§ AIM OF THE EXERCISE
Which lines hold the word "Wall"? Copy each of them from the material.

§ PROVIDED RECORDS
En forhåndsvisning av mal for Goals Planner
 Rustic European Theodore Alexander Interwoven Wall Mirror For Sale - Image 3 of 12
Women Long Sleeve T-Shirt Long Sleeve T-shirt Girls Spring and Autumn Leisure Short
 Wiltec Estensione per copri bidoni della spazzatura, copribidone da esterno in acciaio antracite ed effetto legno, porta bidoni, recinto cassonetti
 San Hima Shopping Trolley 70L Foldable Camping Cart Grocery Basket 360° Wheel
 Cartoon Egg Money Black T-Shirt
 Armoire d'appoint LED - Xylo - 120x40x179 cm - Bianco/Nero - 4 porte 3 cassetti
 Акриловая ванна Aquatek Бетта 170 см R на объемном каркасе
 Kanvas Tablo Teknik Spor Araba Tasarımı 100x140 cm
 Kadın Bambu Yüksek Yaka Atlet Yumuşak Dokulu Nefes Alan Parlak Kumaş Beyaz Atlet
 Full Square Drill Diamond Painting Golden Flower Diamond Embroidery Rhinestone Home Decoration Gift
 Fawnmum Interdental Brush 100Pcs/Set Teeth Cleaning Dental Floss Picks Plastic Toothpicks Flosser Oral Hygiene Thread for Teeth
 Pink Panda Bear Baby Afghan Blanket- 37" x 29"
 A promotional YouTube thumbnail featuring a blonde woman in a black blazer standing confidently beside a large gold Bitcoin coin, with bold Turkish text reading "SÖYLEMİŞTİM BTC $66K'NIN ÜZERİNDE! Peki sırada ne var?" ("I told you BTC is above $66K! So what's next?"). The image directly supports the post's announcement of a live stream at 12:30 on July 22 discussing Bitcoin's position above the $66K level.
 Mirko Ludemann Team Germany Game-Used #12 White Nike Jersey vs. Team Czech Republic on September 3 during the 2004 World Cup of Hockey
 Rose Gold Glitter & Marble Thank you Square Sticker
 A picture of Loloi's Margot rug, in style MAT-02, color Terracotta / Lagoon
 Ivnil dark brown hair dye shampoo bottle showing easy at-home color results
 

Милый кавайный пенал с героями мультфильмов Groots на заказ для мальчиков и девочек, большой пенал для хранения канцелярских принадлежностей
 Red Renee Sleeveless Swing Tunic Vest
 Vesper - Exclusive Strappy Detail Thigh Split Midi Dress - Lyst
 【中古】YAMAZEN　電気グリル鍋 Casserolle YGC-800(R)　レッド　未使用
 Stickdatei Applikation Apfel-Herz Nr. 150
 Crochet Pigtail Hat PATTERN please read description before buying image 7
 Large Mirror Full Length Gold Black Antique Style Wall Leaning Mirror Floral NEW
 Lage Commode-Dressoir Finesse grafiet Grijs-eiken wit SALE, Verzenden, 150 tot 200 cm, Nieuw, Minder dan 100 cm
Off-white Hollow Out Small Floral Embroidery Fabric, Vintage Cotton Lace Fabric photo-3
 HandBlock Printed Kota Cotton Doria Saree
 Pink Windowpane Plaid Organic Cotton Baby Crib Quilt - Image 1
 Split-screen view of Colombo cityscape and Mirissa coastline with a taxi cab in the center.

§ RESULT FOR THIS TASK
 Rustic European Theodore Alexander Interwoven Wall Mirror For Sale - Image 3 of 12
 Large Mirror Full Length Gold Black Antique Style Wall Leaning Mirror Floral NEW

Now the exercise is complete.